Traditionally, computer hardware such as printers and mice were plugged into sockets on the back panel of a PC, with each connector being fairly specialised in its applications.
This result tells us that neural networks have a kind of universality. No matter what function we want to compute, we know that there is a neural network which can do the job.
What's more, this universality theorem holds even if we restrict our networks to have just a single layer intermediate between the input and the output neurons - a so-called single hidden Data input and output essay. So even very simple network architectures can be extremely powerful. The universality theorem is well known by people who use neural networks.
But why it's true is not so widely understood. Most of the explanations available are quite technical. The result was very much in the air at the time, and several groups proved closely related results.
Cybenko's paper contains a useful discussion of much of that work. Another important early paper is Multilayer feedforward networks are universal approximatorsby Kurt Hornik, Maxwell Stinchcombe, and Halbert White This paper uses the Stone-Weierstrass theorem to arrive at similar results.
If you're a mathematician the argument is not difficult to follow, but it's not so easy for most people. That's a pity, since the underlying reasons for universality are simple and beautiful. In this chapter I give a simple and mostly visual explanation of the universality theorem.
We'll go step by step through the underlying ideas. You'll understand why it's true that neural networks can compute any function. You'll understand some of the limitations of the result. And you'll understand how the result relates to deep neural networks.
To follow the material in the chapter, you do not need to have read earlier chapters in this book. Instead, the chapter is structured to be enjoyable as a self-contained essay.
Provided you have just a little basic familiarity with neural networks, you should be able to follow the explanation. I will, however, provide occasional links to earlier material, to help fill in any gaps in your knowledge.
Universality theorems are a commonplace in computer science, so much so that we sometimes forget how astonishing they are. But it's worth reminding ourselves: Almost any process you can imagine can be thought of as function computation. Consider the problem of naming a piece of music based on a short sample of the piece.
That can be thought of as computing a function. Or consider the problem of translating a Chinese text into English. Or consider the problem of taking an mp4 movie file and generating a description of the plot of the movie, and a discussion of the quality of the acting. Universality means that, in principle, neural networks can do all these things and many more.
Of course, just because we know a neural network exists that can say translate Chinese text into English, that doesn't mean we have good techniques for constructing or even recognizing such a network.

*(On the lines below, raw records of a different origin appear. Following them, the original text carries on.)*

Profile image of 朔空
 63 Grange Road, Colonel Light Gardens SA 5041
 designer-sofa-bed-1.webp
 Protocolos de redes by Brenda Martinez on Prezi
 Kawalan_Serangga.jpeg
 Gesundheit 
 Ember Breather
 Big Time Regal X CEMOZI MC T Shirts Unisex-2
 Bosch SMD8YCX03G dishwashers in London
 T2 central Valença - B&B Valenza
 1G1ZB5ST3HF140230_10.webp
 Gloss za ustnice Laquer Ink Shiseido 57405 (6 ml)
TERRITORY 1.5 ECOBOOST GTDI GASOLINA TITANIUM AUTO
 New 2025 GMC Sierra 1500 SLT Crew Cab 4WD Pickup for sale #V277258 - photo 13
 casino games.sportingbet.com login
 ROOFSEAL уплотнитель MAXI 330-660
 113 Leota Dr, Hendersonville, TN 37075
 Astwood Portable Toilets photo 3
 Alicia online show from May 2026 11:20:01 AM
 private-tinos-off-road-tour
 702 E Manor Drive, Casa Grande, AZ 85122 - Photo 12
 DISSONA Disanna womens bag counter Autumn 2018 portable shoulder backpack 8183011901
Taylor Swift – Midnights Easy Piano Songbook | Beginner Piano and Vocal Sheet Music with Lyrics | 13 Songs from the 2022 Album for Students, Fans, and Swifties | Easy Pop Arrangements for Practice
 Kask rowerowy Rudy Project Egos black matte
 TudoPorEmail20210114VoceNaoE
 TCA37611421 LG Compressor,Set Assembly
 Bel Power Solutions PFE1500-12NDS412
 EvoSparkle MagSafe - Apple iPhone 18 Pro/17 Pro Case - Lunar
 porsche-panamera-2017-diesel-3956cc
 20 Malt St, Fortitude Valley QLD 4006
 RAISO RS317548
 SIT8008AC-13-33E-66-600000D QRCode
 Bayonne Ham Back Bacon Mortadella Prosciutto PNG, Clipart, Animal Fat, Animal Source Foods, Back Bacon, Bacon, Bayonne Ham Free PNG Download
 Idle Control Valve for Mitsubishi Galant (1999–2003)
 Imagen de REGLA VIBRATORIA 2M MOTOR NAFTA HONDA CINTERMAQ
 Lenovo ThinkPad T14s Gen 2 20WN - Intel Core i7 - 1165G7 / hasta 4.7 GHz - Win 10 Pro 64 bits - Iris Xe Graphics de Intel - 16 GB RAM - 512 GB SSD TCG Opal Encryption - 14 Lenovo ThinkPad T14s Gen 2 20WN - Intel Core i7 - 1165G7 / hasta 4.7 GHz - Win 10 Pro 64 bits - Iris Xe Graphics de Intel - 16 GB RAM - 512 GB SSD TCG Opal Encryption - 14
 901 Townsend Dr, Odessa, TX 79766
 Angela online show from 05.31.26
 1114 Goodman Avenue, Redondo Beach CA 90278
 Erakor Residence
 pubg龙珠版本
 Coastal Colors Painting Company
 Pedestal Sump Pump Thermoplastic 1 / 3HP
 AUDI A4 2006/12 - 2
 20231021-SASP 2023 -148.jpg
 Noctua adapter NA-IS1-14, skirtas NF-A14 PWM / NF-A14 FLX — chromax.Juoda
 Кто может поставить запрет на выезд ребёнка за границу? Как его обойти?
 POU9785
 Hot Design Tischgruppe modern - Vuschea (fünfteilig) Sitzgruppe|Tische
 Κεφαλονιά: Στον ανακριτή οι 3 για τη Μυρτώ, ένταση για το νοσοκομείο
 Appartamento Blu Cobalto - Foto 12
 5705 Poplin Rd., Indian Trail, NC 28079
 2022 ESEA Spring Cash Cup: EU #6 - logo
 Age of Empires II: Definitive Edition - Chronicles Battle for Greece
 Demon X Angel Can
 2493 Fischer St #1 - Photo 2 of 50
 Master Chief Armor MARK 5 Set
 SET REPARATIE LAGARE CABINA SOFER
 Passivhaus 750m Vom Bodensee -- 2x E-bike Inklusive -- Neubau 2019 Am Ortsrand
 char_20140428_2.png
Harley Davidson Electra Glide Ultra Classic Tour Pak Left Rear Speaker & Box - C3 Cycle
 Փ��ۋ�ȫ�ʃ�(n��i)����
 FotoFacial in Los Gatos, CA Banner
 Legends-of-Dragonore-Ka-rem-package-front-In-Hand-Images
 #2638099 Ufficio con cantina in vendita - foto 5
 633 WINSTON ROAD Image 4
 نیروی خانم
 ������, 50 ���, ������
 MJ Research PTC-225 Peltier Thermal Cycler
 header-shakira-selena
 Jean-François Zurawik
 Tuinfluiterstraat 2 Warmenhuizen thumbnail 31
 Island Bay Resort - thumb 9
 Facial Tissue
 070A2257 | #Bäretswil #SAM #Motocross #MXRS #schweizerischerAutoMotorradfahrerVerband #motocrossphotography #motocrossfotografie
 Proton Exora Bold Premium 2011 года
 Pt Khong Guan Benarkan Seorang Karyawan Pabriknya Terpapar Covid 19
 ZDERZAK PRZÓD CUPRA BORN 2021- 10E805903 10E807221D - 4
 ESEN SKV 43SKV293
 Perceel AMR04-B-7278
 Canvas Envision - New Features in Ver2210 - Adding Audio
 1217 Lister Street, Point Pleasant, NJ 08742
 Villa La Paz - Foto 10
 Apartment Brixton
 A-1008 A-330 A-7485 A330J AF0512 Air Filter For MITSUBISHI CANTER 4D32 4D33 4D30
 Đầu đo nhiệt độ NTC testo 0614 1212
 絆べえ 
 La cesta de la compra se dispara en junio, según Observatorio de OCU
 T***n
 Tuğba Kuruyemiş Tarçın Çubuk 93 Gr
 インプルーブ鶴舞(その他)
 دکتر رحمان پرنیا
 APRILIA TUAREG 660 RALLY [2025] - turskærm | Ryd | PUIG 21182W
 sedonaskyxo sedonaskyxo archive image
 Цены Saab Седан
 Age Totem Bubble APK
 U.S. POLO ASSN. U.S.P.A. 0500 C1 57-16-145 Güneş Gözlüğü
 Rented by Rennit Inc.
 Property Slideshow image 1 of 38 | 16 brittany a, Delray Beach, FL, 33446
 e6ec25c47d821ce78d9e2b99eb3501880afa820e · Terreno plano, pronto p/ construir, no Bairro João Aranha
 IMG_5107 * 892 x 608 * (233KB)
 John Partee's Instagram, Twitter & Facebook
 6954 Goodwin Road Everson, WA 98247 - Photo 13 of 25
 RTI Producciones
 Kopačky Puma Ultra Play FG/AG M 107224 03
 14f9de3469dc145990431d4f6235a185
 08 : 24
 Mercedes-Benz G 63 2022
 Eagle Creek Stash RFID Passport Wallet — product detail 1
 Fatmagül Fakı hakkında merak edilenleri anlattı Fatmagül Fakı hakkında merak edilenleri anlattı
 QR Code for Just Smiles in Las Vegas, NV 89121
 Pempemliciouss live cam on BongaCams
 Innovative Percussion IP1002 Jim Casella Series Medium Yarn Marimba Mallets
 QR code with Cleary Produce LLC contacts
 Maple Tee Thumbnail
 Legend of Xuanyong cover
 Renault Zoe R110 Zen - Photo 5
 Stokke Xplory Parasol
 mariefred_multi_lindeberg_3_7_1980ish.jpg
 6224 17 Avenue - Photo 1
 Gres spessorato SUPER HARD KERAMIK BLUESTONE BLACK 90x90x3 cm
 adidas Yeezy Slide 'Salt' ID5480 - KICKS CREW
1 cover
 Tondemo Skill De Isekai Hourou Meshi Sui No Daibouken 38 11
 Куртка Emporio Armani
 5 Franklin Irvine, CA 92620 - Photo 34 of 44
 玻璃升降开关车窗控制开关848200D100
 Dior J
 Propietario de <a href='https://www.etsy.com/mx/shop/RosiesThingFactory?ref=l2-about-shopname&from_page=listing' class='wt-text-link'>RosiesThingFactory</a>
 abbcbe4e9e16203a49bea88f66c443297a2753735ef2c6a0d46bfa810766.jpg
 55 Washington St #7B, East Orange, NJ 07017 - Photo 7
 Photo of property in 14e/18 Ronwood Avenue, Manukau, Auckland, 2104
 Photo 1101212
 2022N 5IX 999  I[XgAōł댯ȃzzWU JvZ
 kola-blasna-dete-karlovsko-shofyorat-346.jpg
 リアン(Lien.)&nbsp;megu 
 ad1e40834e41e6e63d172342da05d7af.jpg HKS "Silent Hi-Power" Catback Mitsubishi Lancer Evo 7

This limitation applies also to traditional universality theorems for models such as Boolean circuits.A useful revision guide explaining all about specialist input devices and their uses, such as concept keyboards and interactive whiteboards, for GCSE ICT. In computing, a computer keyboard is a typewriter-style device which uses an arrangement of buttons or keys to act as mechanical levers or electronic timberdesignmag.coming the decline of punch cards and paper tape, interaction via teleprinter-style keyboards became the main input method for computers..
Keyboard keys (buttons) typically have characters engraved or printed on them, and each press. This is a quick reference of elements that are new or have been redefined in HTML5.
For each element there is a short description, a link to the specification, and a code example. The LMAX Architecture.
LMAX is a new retail financial trading platform. As a result it has to process many trades with low latency. The system is built on the JVM platform and centers on a Business Logic Processor that can handle 6 million orders per second on a single thread.
Data Input and Output Essay The methods of input of data may vary consistently. For instance, for printed questionnaires, the traditional method of input implies the use of computers’ keyboard by means of which the information that is supposed to be printed in a questionnaire is input.
The same method may be used for long documents. Essay on Computer Input/ Output What is the meaning behind Computer Input / Output Architecture and Organization? Input is the entering of data into a computer system, whereas output is the transferring of data to an external item, such as printer.